# Supplied data
Segment Open
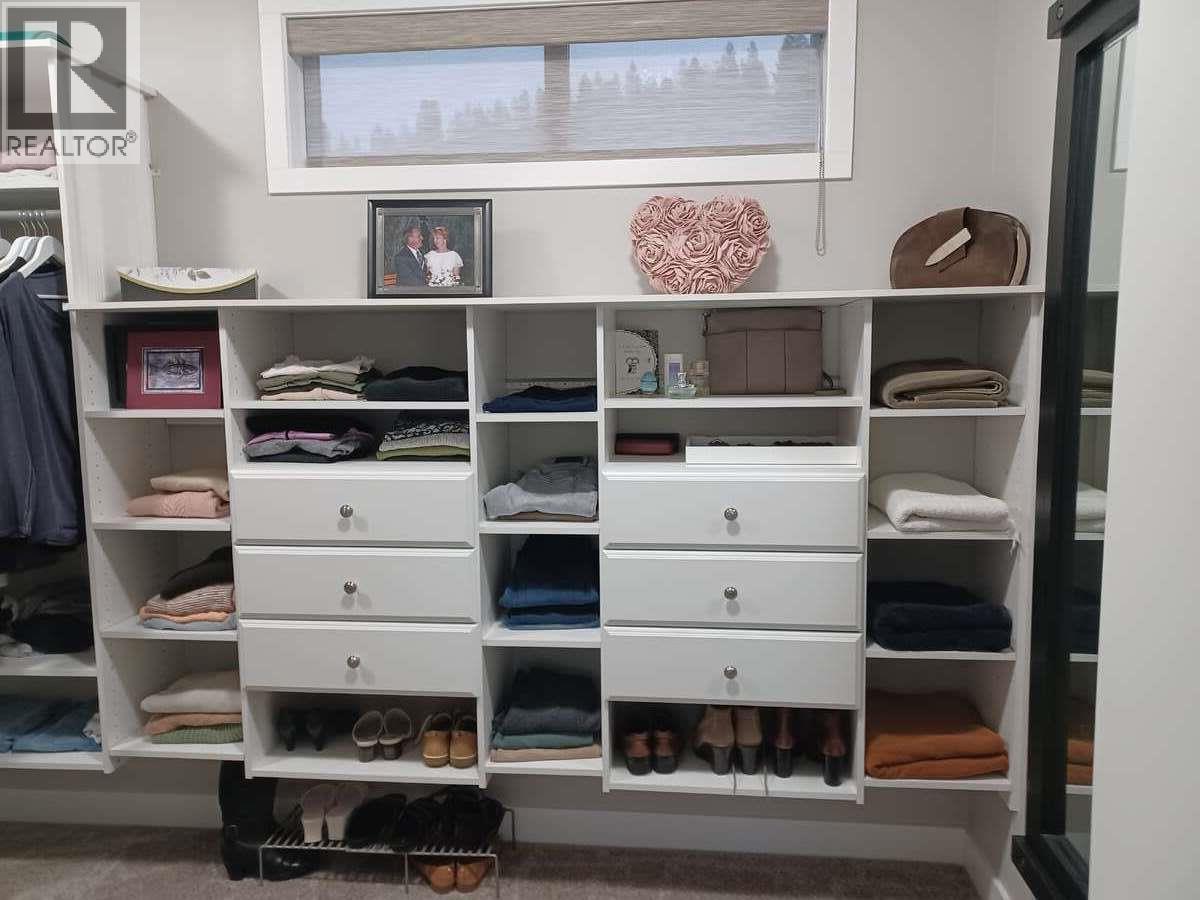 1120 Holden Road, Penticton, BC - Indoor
Segment Closed
Segment Open
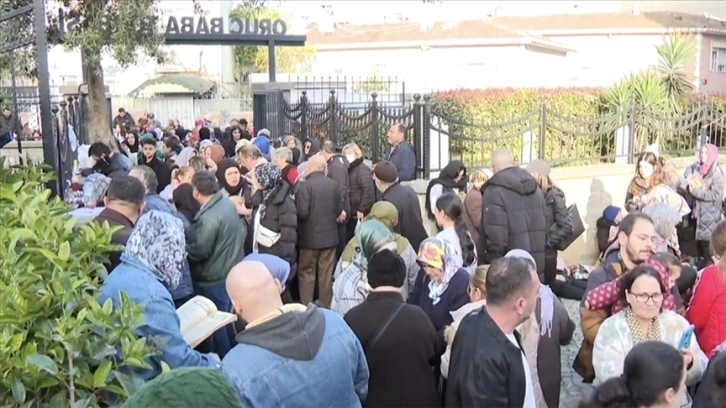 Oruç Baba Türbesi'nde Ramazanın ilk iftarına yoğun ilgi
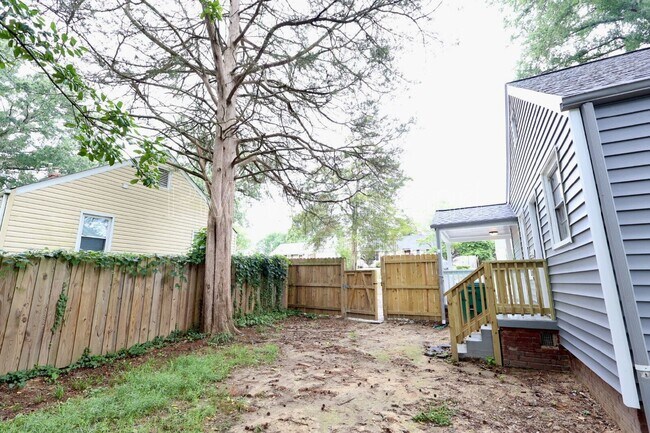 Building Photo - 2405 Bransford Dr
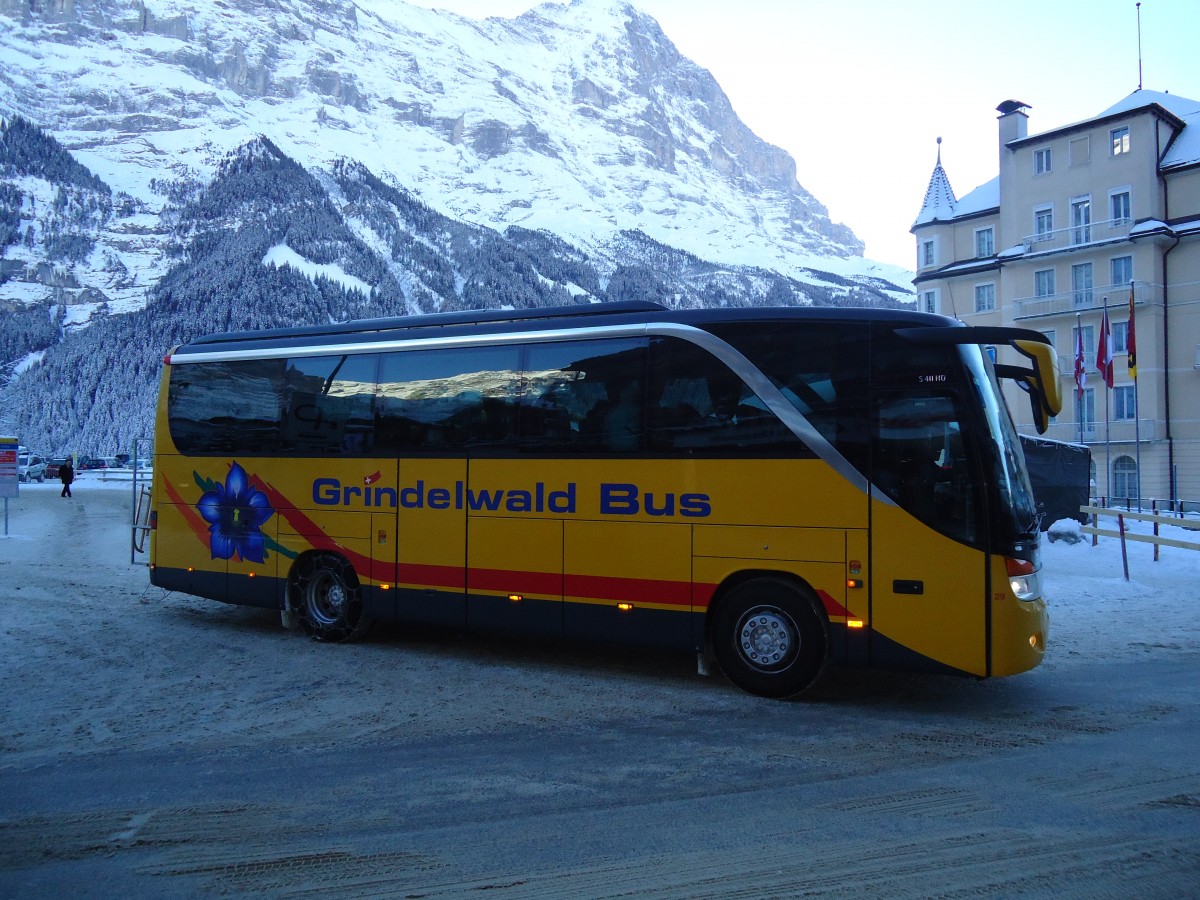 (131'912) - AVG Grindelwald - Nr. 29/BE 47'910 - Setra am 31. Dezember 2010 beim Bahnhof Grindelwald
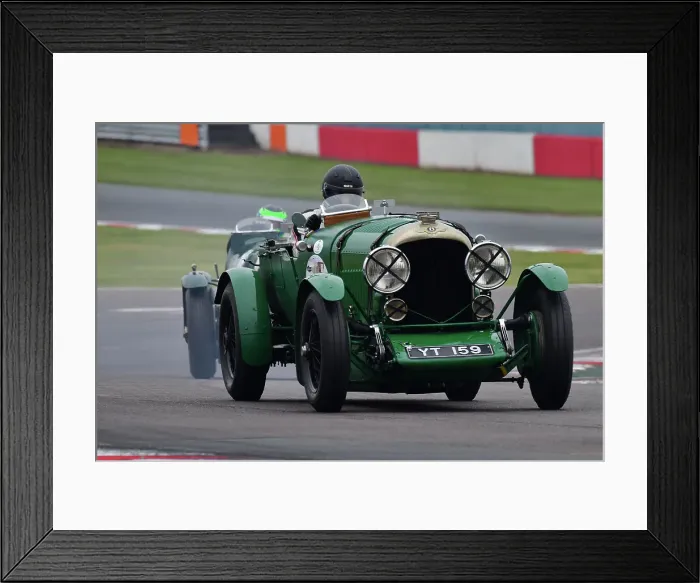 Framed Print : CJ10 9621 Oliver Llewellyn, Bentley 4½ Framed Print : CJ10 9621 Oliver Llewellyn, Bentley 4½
Segment Closed
Segment Open
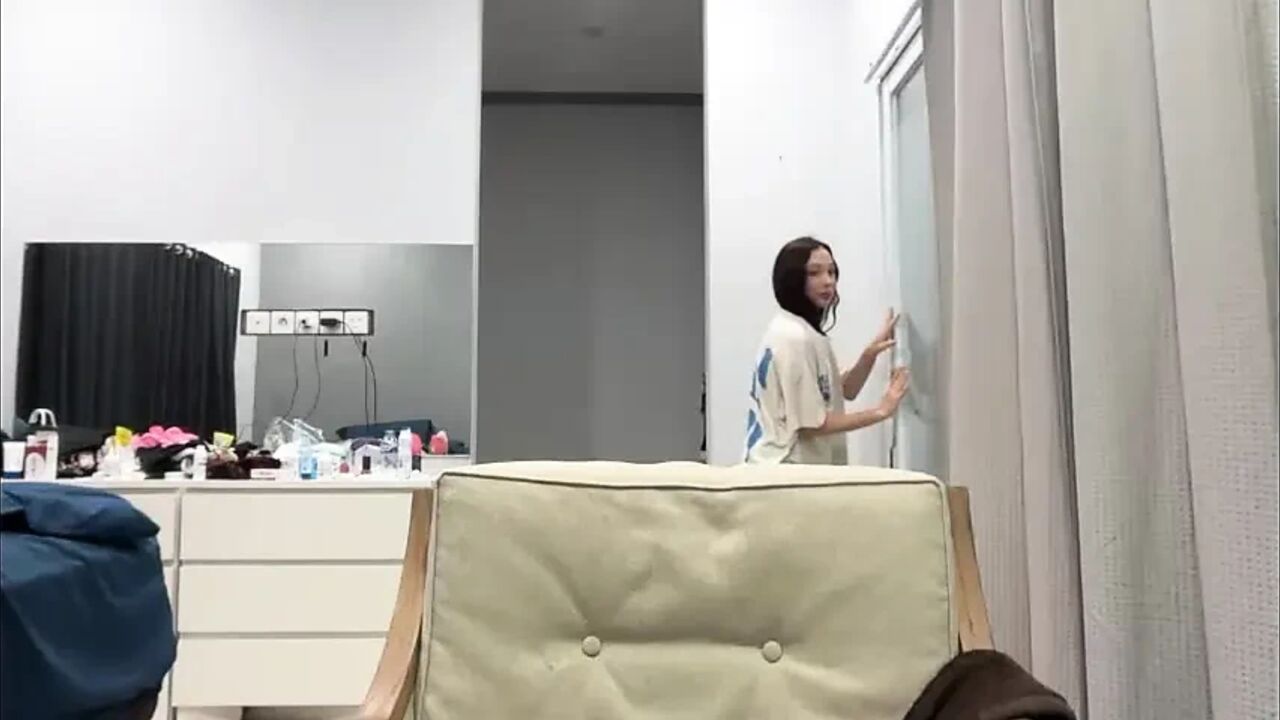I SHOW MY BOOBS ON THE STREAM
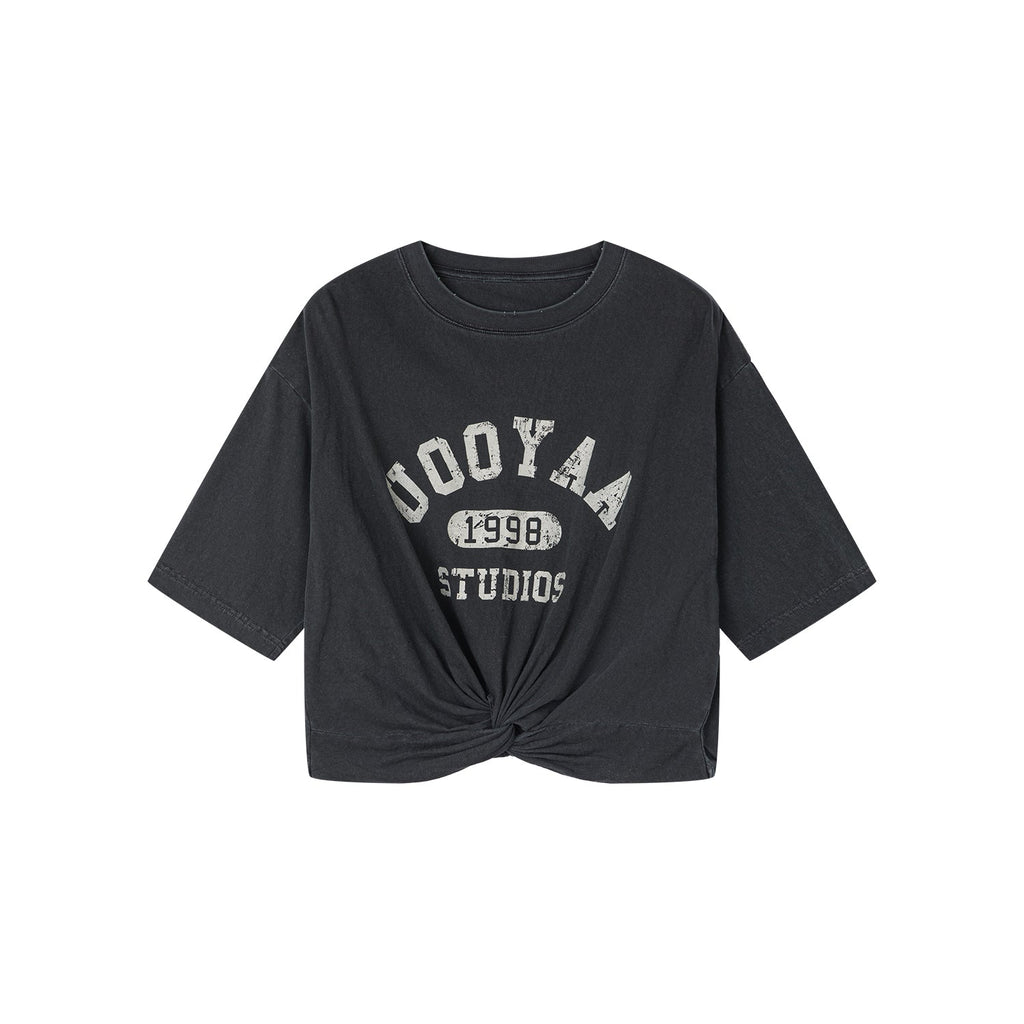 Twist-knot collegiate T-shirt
Segment Closed
# Assignment
Beginning at the line above that contains "I SHOW MY BOOBS ON THE STREAM", repeat each line exactly through the one that contains "Twist-knot collegiate T-shirt", and leave out the pictures.

# Answer to this exercise
I SHOW MY BOOBS ON THE STREAM
 Twist-knot collegiate T-shirt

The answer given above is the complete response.